Try these follow-up variations on your own and see if your method still works:

Change the starting quantity (e.g. 4.6 g becomes 9.2 g) and confirm that the final answer scales linearly.
Swap the reagent for a close analogue (e.g. $\text{KMnO}_4$ instead of $\text{K}_2\text{Cr}_2\text{O}_7$ ) and check which steps stay the same and which change.
Flip the question — given the product, work backwards to find the starting amount. This reverse drill tests whether you really understand the stoichiometry, or whether you were just plugging into a memorised chain.
Add an impurity (e.g. “the sample is only 80% pure”) and adjust the mole calculation. Purity questions are a classic twist in JEE Main.
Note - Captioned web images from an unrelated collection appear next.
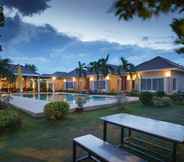Kolam Renang 7 Medsai Resort
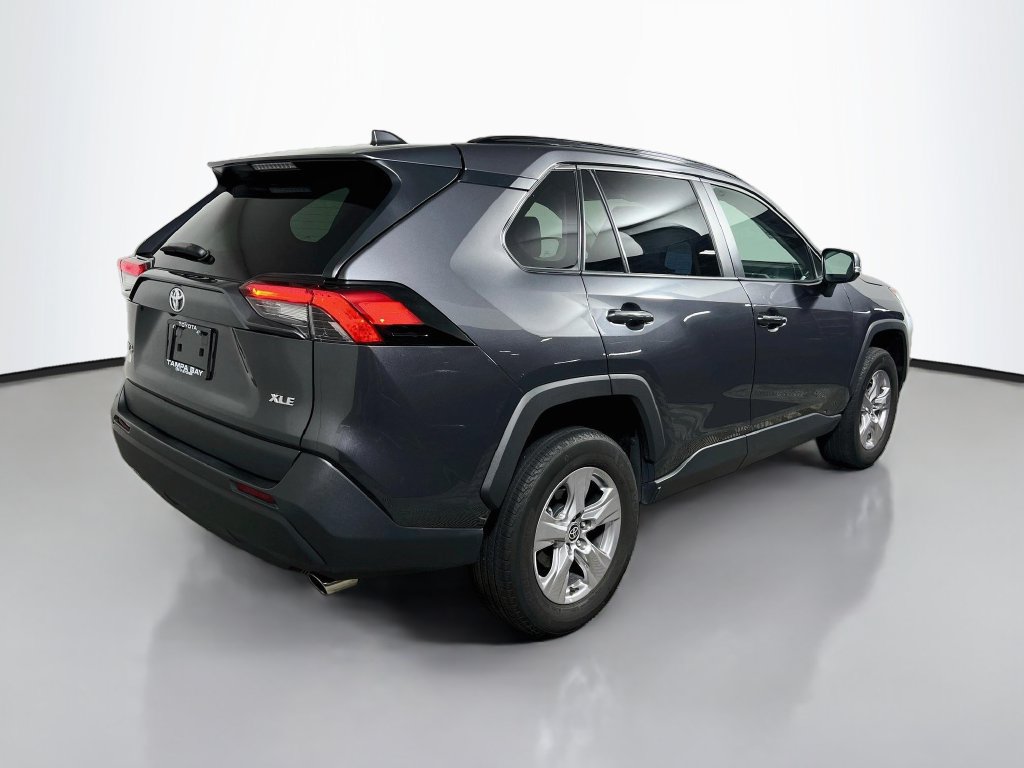 Used 2025 Toyota RAV4 XLE FWD image 3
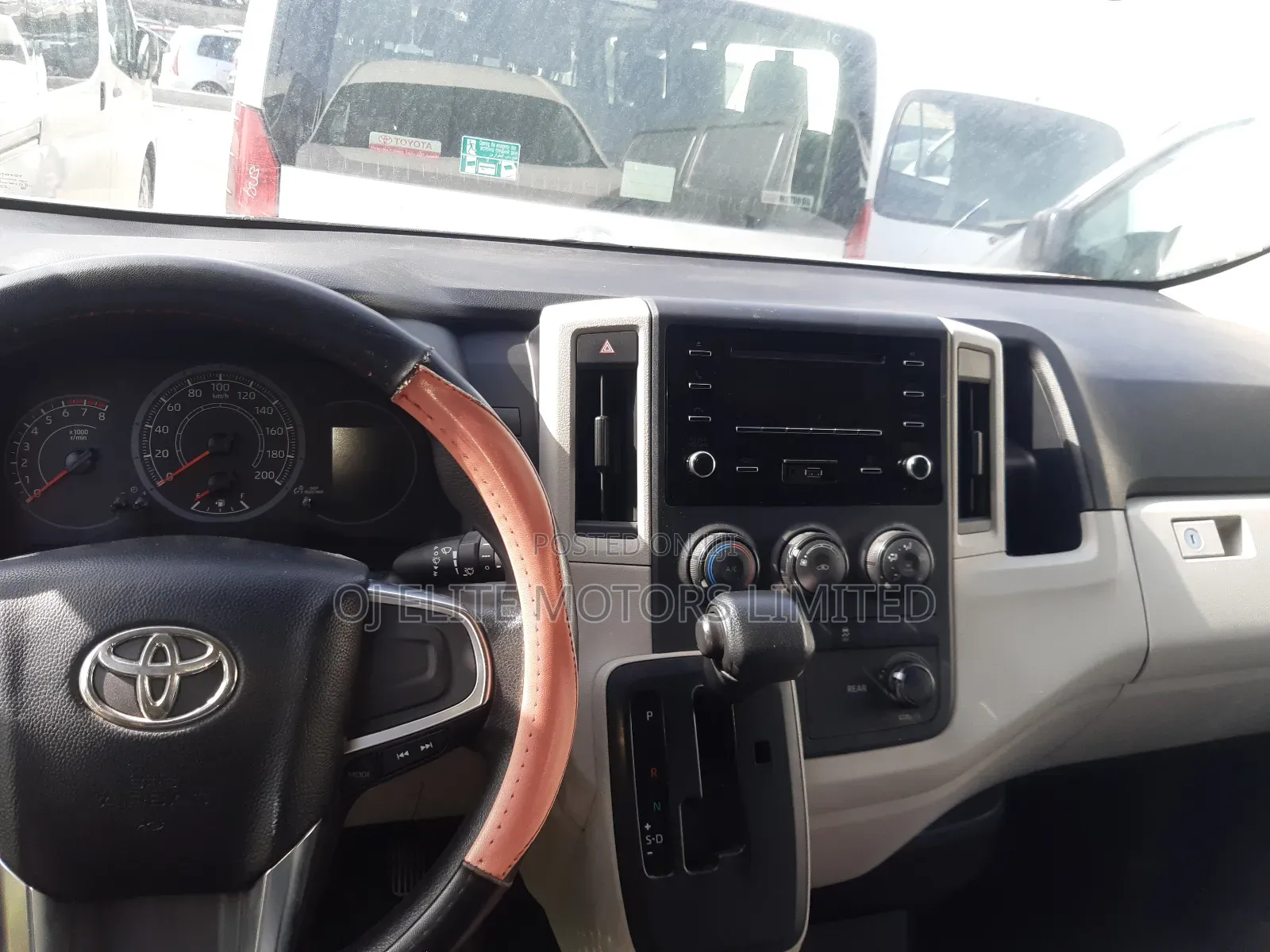 Toyota HiAce 2022 White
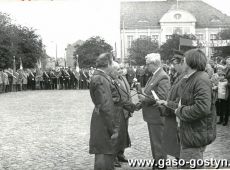 1712.Uroczystosci zwiazane z wreczeniem sztandaru Osrodkowi LOK w Gostyniu ( Gostyn-Rynek, 19.10.1985r.)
In JEE Main, the cut-off between a 95 percentile and a 99 percentile is often just 3 to 4 questions of this exact difficulty. Practising these variations matters more than learning new topics during the last month of preparation.

Quick Recap

Identify the concept before touching numbers.
Write units on every line — they catch errors automatically.
Reach the final answer in a single bold or boxed expression so the examiner sees it instantly.
When stuck, ask: “what quantity is conserved here?” Conservation of mass, charge, and energy solve most chemistry problems.